Y así como el mar de información disponible propicia la formación de especialistas –gente que sabe mucho acerca de una sola cosa a la cual le puede sacar provecho– da la impresión que el hecho de adquirir nuevos conocimientos porque sí –tal como leer un libro acerca del cual no hay que dar una prueba o un examen– ello atrae la atención de cada vez menos estudiantes, por considerarlo… “una lectura inútil”. Su respuesta y actitud habitual es… ¿para qué voy a leer ese libro, si no me van a colocar nota por leerlo?

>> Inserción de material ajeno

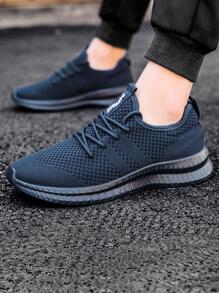 DaoLxi 男士運動鞋，輕盈透氣網布跑鞋，防滑步行鞋，舒適休閒運動鞋，適合工作和鍛煉 - 藏蓝色 - 查看 8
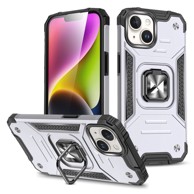 MG Maskica Ring Armor, za iPhone 15 Plus, srebrna
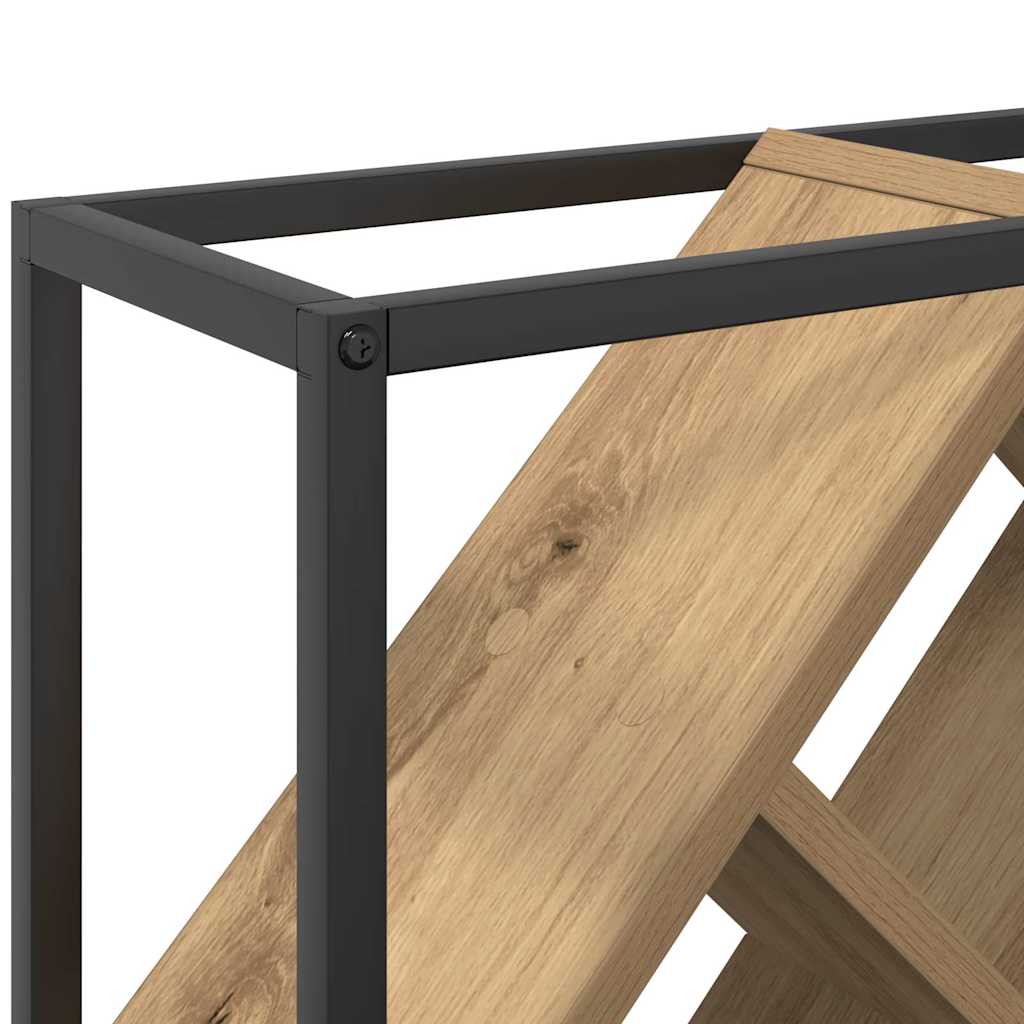 Weinregal Artisan-Eiche 51 x 18 x 52,5 cm Holzwerkstoff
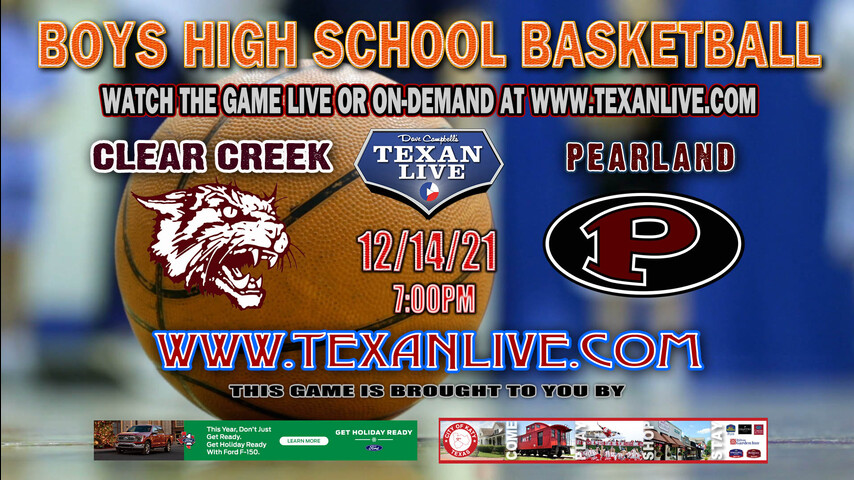 Clear Creek vs Pearland - 7PM - 12/14/21 - Pearland High School - Boys Basketball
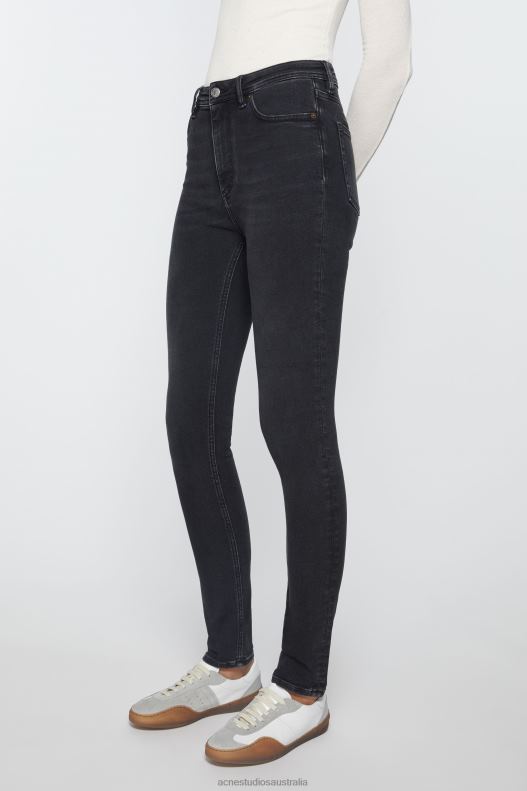 Skinny fit jeans - Peg Used Black Acne Studios R66LJ242 Apparel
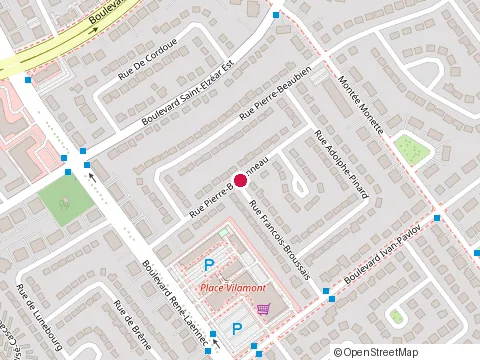 Location of Gmf Laval - Umf Cité-de-la-Santé at 1755 Bd René-Laennec, Laval
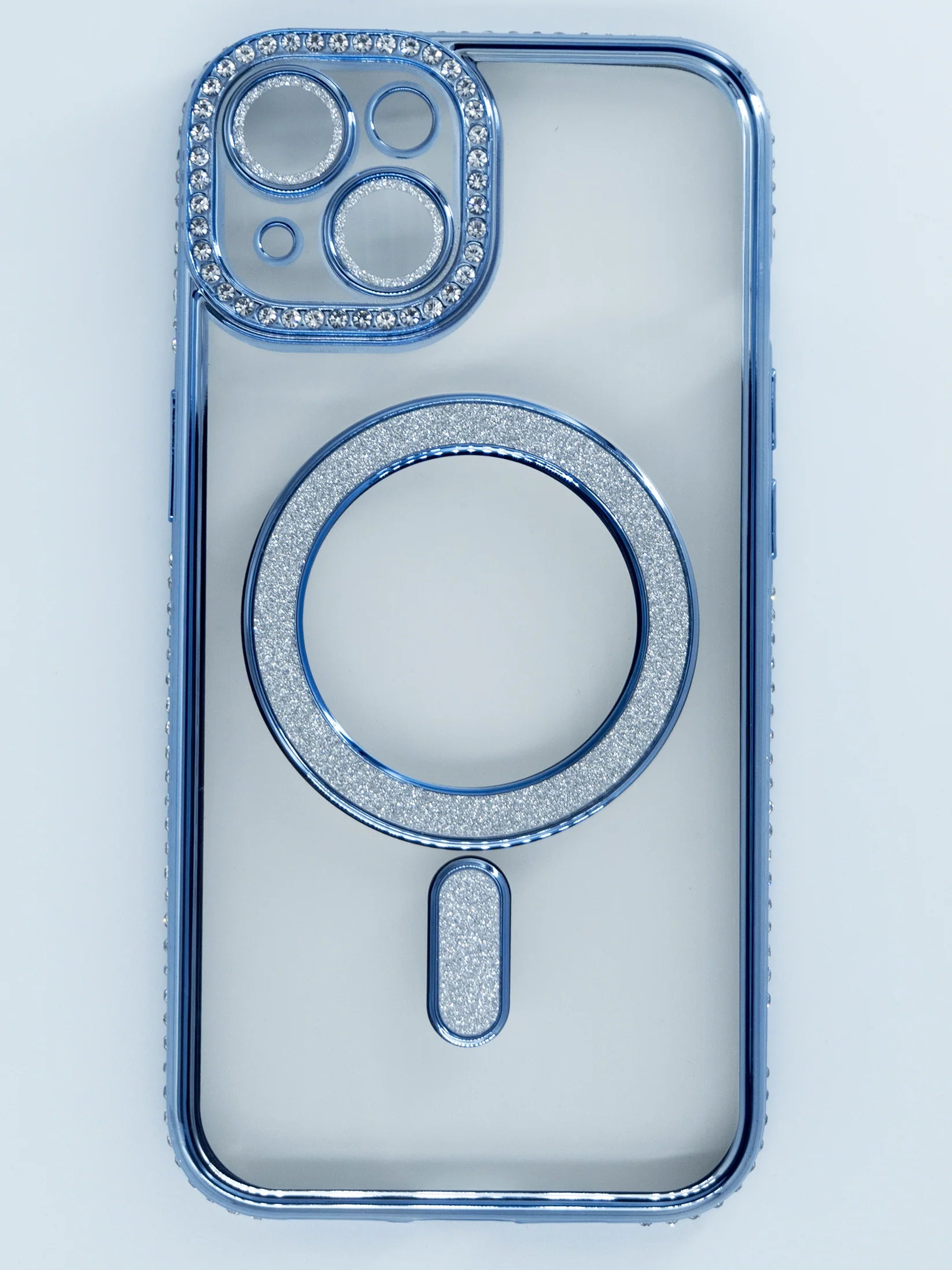 Diamond MG Case for iPhone 15 (Blue)
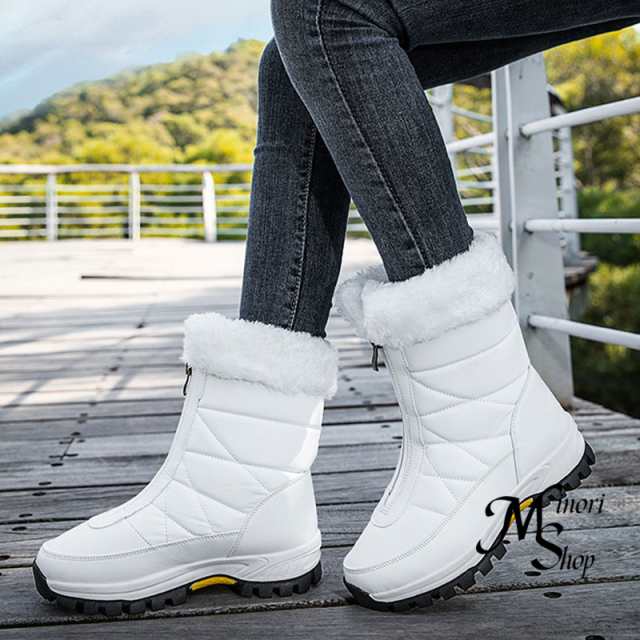 スノーブーツ レディース おしゃれ スノーウィンターブーツ トレッキングブーツ アウトドア 防水 冬 防寒 あったか 滑りにくい 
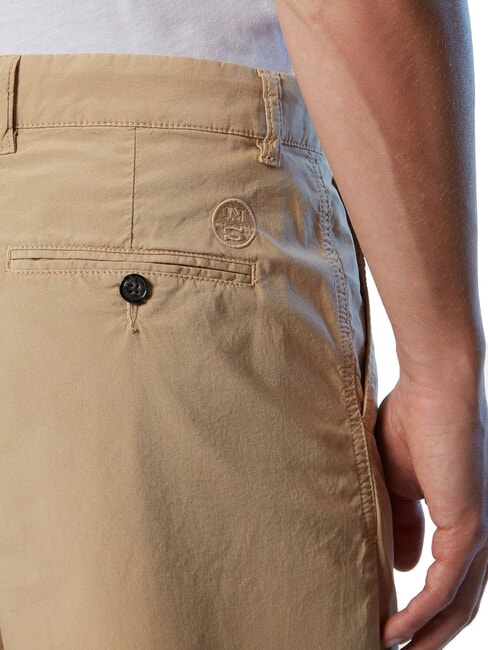 FREEDOM Short chino en coton Miel - Pantalon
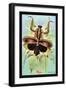 Insect: Deroplatys Disiccata-James Duncan-Framed Art Print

Albert Einstein, uno de los genios más grandes de la humanidad, ganador del Premio Nobel de Física, fue muy enfático al afirmar que aquel sujeto que no posee el don de maravillarse ni de entusiasmarse con el conocimiento, más le valdría estar muerto, porque sus ojos están cerrados.

Aquellas mentes que dejan huellas y un legado tras de sí, lo que hacen es escudriñar horizontes más amplios, no conformándose –exclusivamente– con sus áreas de experticia, sino que se dedican –con interés, pasión y ahínco– a explorar diversos otros ámbitos del conocimiento con un gran objetivo: adquirir sabiduría, ampliar el acerbo de sus conocimientos con la finalidad última de entregar dicha sabiduría a todo aquél que tenga el deseo íntimo de crecer, de aprender más y, finalmente, de llegar a la cúspide de la famosa pirámide de Abraham Maslow, a saber, alcanzar la “autorrealización”, es decir, el logro efectivo por sí mismo(a) de aquellas aspiraciones y objetivos vitales de una persona, y la consiguiente satisfacción y orgullo que se siente por ese gran logro.

Tengamos entonces, siempre presente la frase del filósofo griego Aristóteles, frase que ha perdurado entre nosotros por casi 24 siglos: “El saber no pesa ni ocupa lugar”.